▶ **WHAT YOU NEED TO DO**
Skip the pictures and return every entry exactly as written.

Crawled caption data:
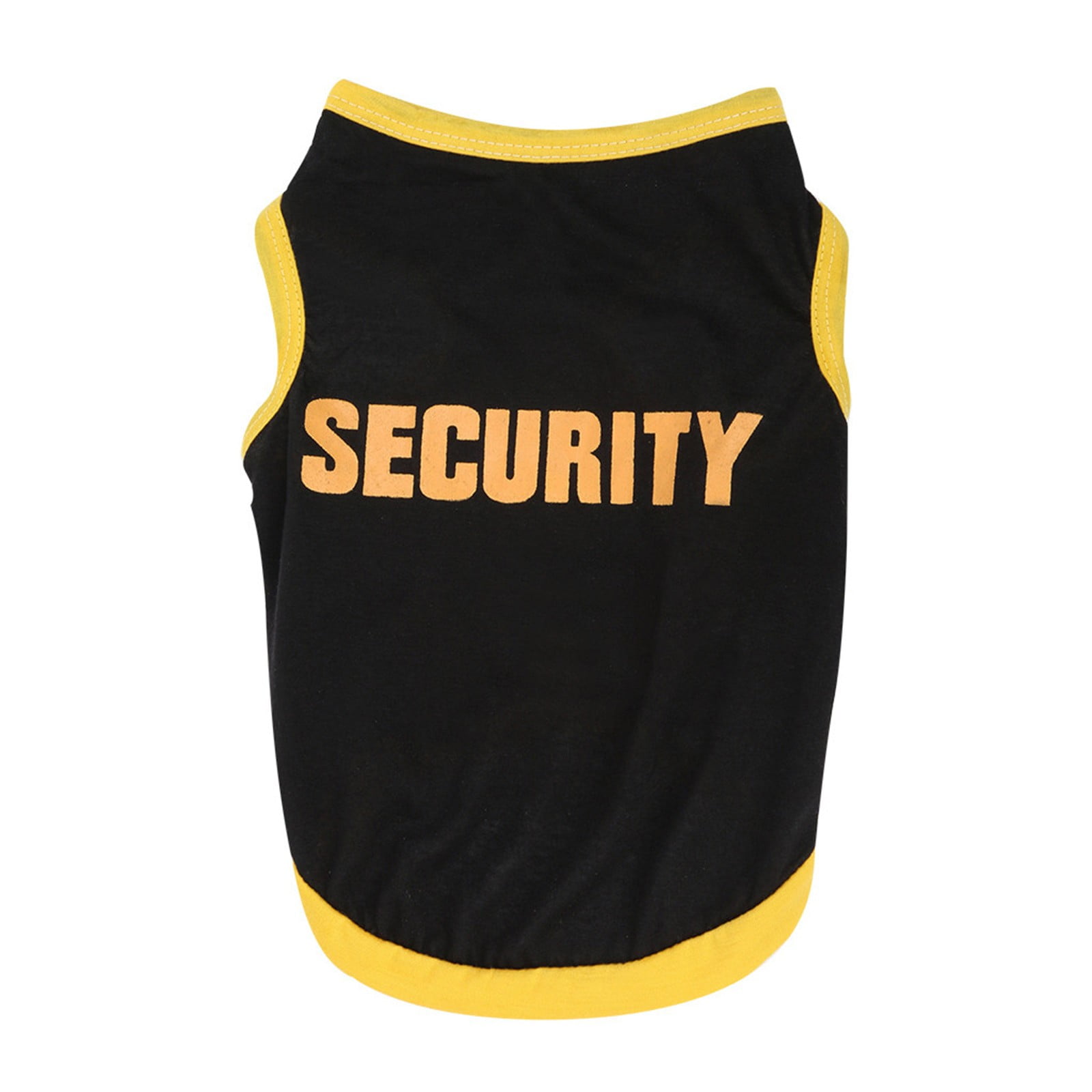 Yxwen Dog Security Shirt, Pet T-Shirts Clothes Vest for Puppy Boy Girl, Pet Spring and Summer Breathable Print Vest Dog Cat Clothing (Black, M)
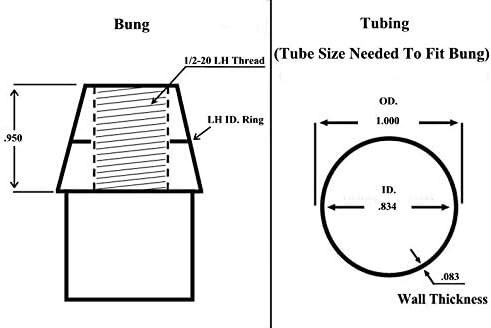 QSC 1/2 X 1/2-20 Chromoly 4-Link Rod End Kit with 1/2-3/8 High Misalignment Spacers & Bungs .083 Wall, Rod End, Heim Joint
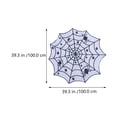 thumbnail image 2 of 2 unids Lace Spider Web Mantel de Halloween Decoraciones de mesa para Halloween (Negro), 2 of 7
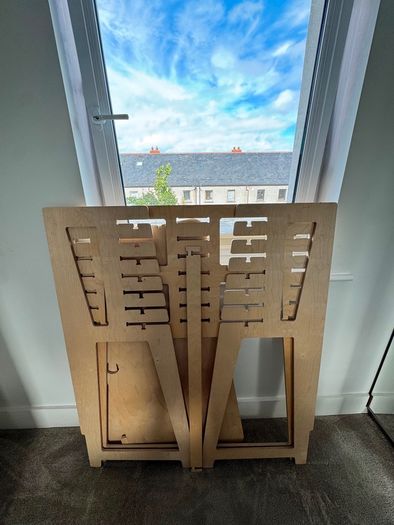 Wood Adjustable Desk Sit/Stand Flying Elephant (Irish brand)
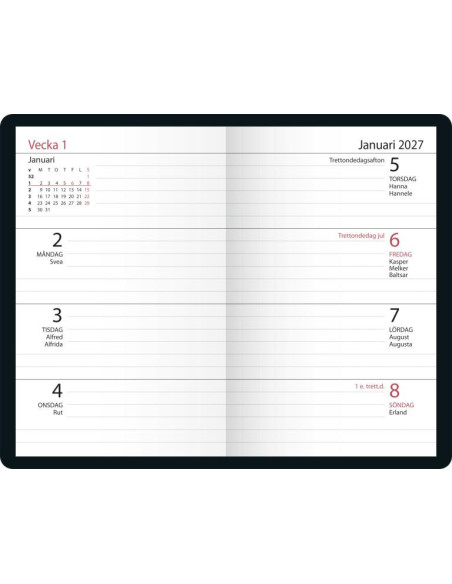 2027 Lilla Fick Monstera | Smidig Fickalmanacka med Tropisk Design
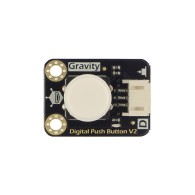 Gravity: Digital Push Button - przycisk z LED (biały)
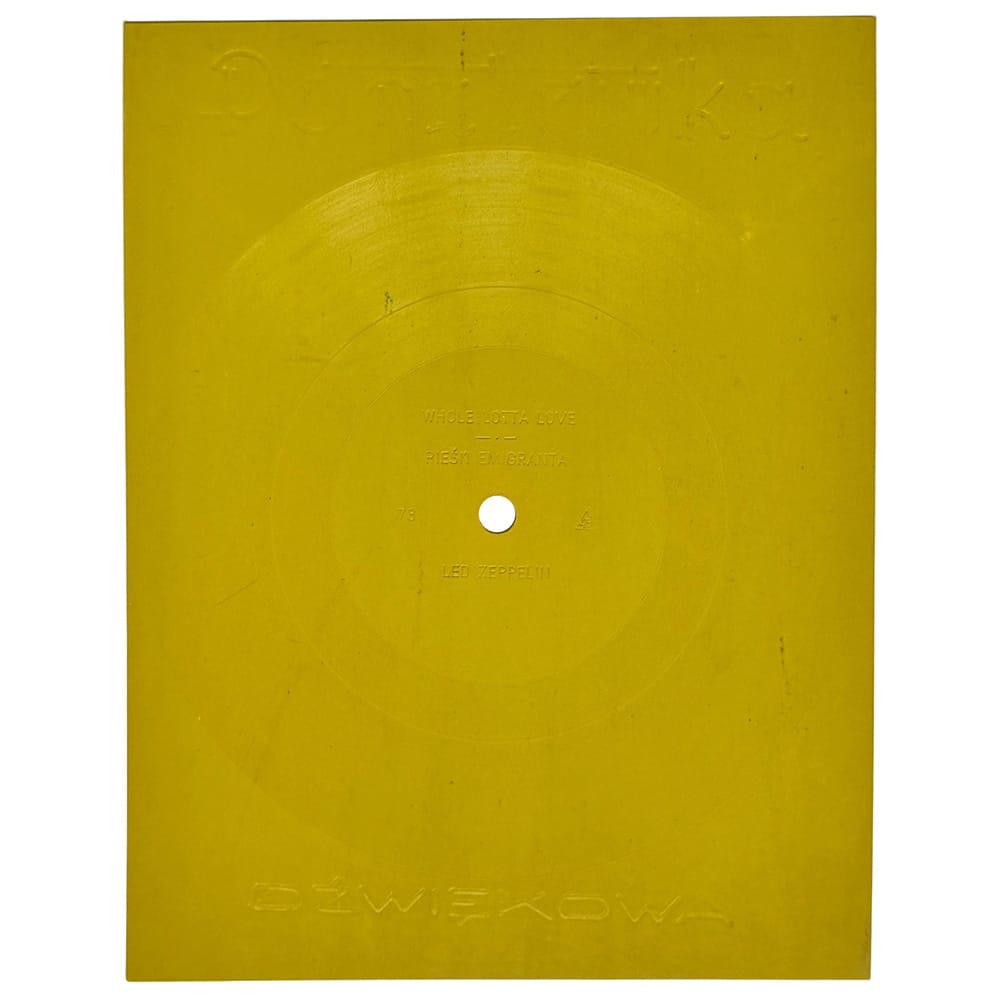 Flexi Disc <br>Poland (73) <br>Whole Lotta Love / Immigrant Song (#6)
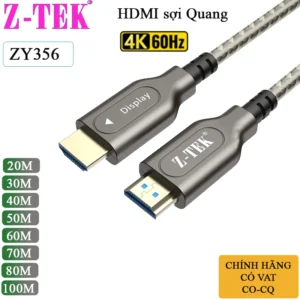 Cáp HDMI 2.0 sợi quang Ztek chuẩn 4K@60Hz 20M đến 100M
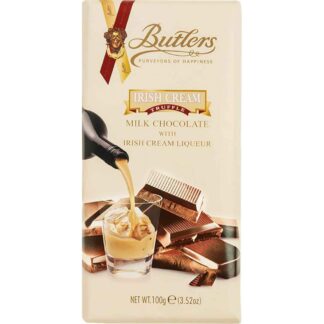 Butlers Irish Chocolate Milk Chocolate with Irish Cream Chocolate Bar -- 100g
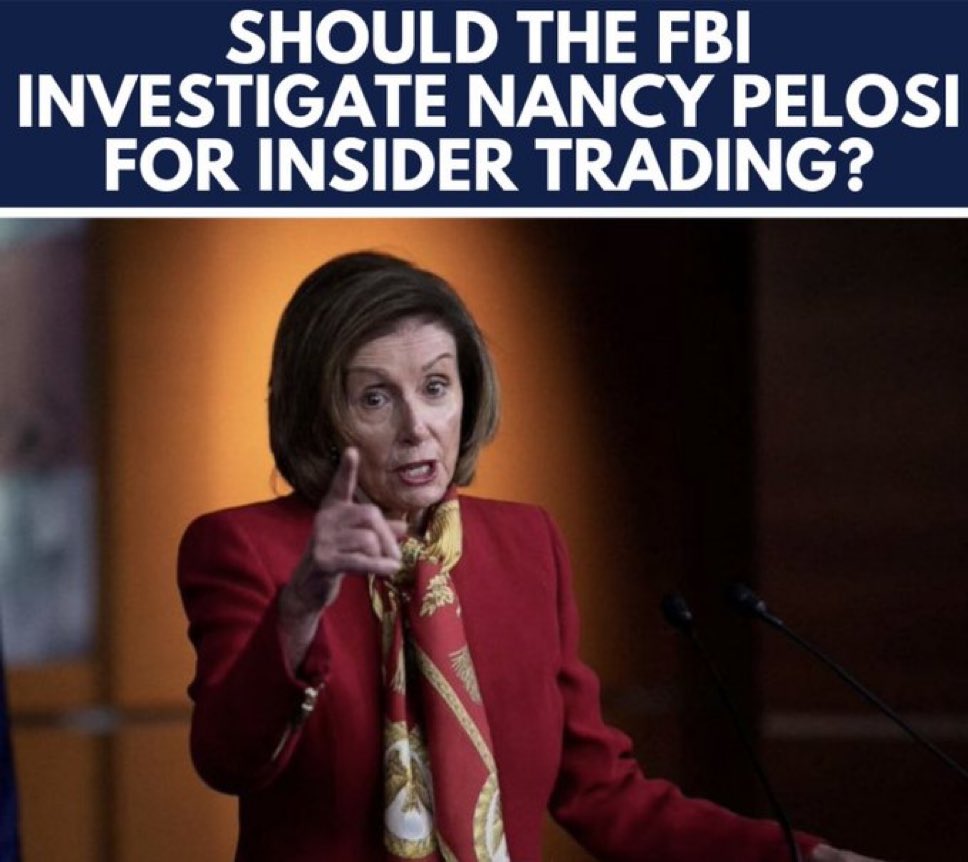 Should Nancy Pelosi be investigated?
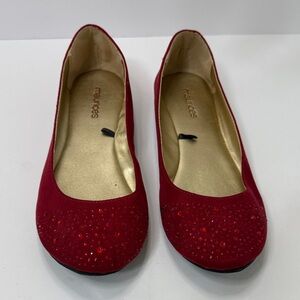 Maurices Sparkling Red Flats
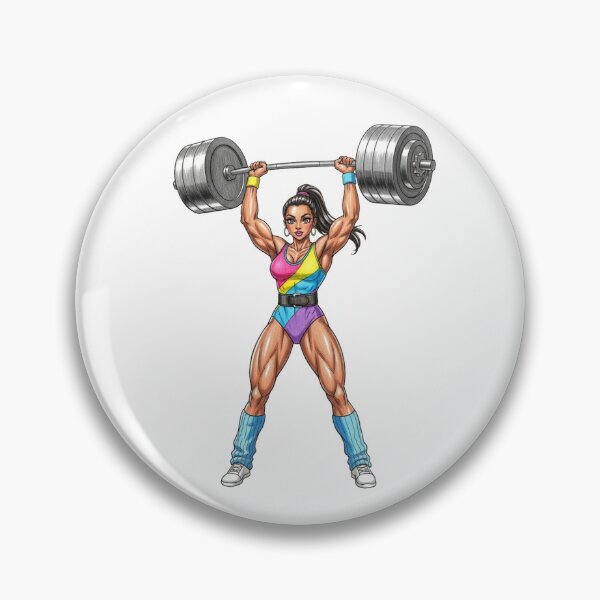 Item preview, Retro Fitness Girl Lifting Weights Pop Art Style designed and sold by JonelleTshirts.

▶ **ANSWER BOX**
 Yxwen Dog Security Shirt, Pet T-Shirts Clothes Vest for Puppy Boy Girl, Pet Spring and Summer Breathable Print Vest Dog Cat Clothing (Black, M)
 QSC 1/2 X 1/2-20 Chromoly 4-Link Rod End Kit with 1/2-3/8 High Misalignment Spacers & Bungs .083 Wall, Rod End, Heim Joint
 thumbnail image 2 of 2 unids Lace Spider Web Mantel de Halloween Decoraciones de mesa para Halloween (Negro), 2 of 7
 Wood Adjustable Desk Sit/Stand Flying Elephant (Irish brand)
 2027 Lilla Fick Monstera | Smidig Fickalmanacka med Tropisk Design
 Gravity: Digital Push Button - przycisk z LED (biały)
 Flexi Disc <br>Poland (73) <br>Whole Lotta Love / Immigrant Song (#6)
 Cáp HDMI 2.0 sợi quang Ztek chuẩn 4K@60Hz 20M đến 100M
 Butlers Irish Chocolate Milk Chocolate with Irish Cream Chocolate Bar -- 100g
 Should Nancy Pelosi be investigated?
 Maurices Sparkling Red Flats
 Item preview, Retro Fitness Girl Lifting Weights Pop Art Style designed and sold by JonelleTshirts.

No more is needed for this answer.